Things have changed so much after coming back to home. I’ve observed a lot of changes in me and my behavior – the transition from aggressive me to a mellowed down me. I have probably grown up.
The other day a friend of mine, my classmate in school and is now a mother of two kids, invited me to her house for Gayatri Puja. Considering the fact that I would get bored among the elderly women, I went a little late that is towards the end of it. There, I started to help my friend in giving away tea and snacks to the ladies. I greeted everyone, as at small places you usually know every other person.
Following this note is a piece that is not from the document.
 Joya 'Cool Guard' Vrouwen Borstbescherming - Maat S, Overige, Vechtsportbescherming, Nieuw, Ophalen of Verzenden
All of a sudden, an aunty (a better introduction would my Mathematics teachers wife and mother of another classmate of mine, Jyoti) yelled on top of her voice and ensuring every single soul present at the occasion hears it, “Richa tum itni badi ho gayi hai (Richa, has your stature increased that much)?” I was shell-shocked, stunned, bowled over. Dude, I simply greeted her and given her a cup of teas, and how is that related to my being anything. Was that a crime? Within a second my brain scanned on almost all the possibilities for that comment. I was still gaping at her when she added, “Tum Jyoti ko bulane ka message message bheji thi, ek call nahi kar sakti thi kya (You could have ringed Jyoti instead of sending her a message)?”
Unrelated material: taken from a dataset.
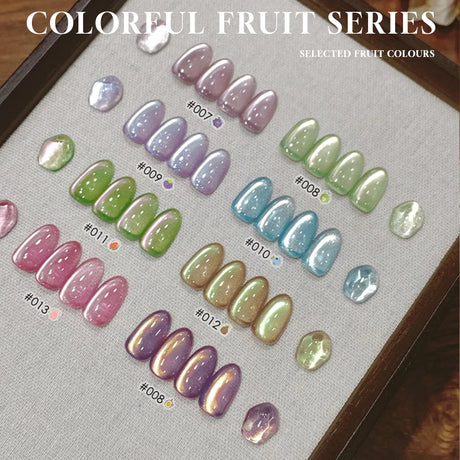 MN 1-20pcs 12ML Pink Gold Cat Eye Ocean Bubble Glass Beads Cat Eye Gel Nail Polish Blue Nails UV Light Nails Green Nails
Another shock, when did I sent a message? I simply asked, “Kaun sa message (which message)?” She started ranting in her ever rising voice, “B.K.Singh ki misses boli kit tum Jyoti ko bulayi hai. Jab se Jyoti ayi hai tab se uska tabiyat kharab hai aur who ghar se bahar bhi nahi nikli hai…Blah…Blah… (Mrs. B.K.Singh said that you had called Jyoti home. Since the time she has come back, she is not keeping well and has not stepped out of the house…)” I barged in, “Aunty, pehla to mujhe malum nahi tha ki Jyoti ayi hui hai aur dusra maine koi message nahi bhijwaya tha kisi se (Aunty, firstly I never knew Jyoti has also come and secondly I never sent any message from anyone).” On that, she continued her sing-song about her daughter and her bad health.
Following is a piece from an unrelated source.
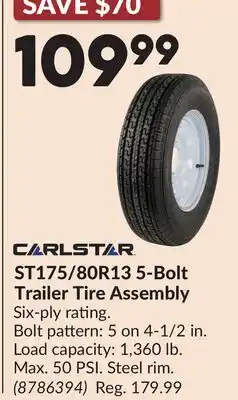 Princess Auto ST175/80R13 5-Bolt Trailer Tire Assembly offer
My mom was with me but was sitting in the far corner busy in conversation with someone else. So she missed the first half of this controversial discussion. She started to ask me about what happened. I simply told her nothing much as she already sounded pissed at her sing-song with me too being a part of the subject. If not done that way, she would turned Seema’s house into a battle ground for Jyoti’s mother cribbing anything about me and the other woman is sort of a fight monger. Of course, my Mom is possessive about me, I’m her first born.
As a matter of fact, I was surprised at my response there – calm and calculated. The matter could have worsened and lead to a huge fight if I would have said anything on the nastier side. For the first time in my life, I really responded to a situation instead of reacting to it. If this should have happened some years back, I would have humiliated that woman by blurting out some not so good remarks. That reaction would have shut her trap but probably later other women would have snickered about it behind my mom’s back for my rude behavior.
I realized that I’ve mellowed down a lot, learnt calm after so many adventurous happenings in my life. The sea finally learnt that despite all the power she possesses, she can’t break the shore – she has to come back. I have not given up fighting at all, but have learnt how to strategize and hit back.